■ RAW DATA ■
══════════════════════════════

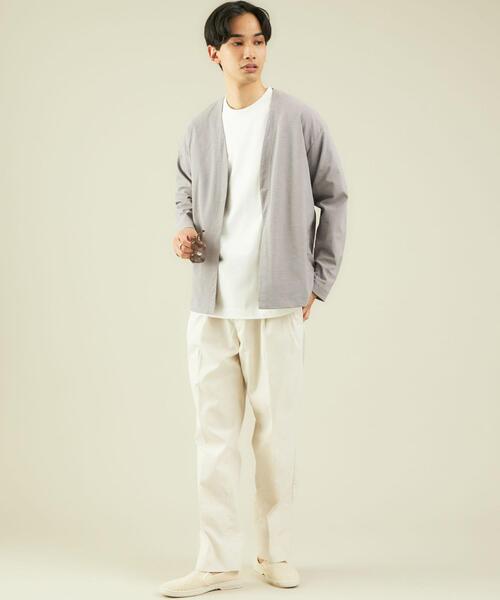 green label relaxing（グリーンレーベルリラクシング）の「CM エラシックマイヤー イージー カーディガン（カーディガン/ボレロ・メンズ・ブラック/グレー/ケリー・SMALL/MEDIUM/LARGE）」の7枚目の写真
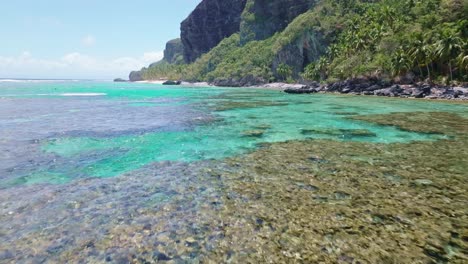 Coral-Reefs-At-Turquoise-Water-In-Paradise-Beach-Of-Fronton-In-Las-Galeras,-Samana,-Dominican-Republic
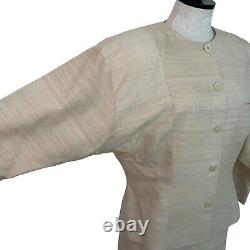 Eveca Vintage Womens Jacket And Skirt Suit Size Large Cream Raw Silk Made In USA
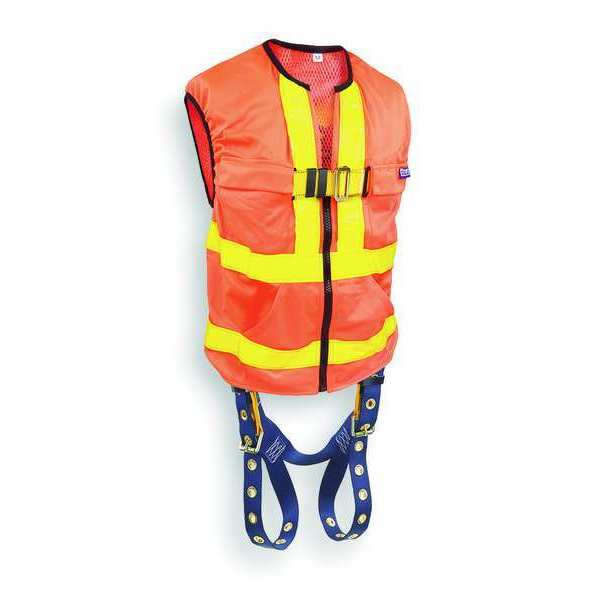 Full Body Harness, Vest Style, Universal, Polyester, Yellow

══════════════════════════════

■ TASK PROMPT ■
What you return should match the material word for word, apart from the pictures.

■ THE COMPLETED TASK ■
 green label relaxing（グリーンレーベルリラクシング）の「CM エラシックマイヤー イージー カーディガン（カーディガン/ボレロ・メンズ・ブラック/グレー/ケリー・SMALL/MEDIUM/LARGE）」の7枚目の写真
 Coral-Reefs-At-Turquoise-Water-In-Paradise-Beach-Of-Fronton-In-Las-Galeras,-Samana,-Dominican-Republic
 Eveca Vintage Womens Jacket And Skirt Suit Size Large Cream Raw Silk Made In USA
 Full Body Harness, Vest Style, Universal, Polyester, Yellow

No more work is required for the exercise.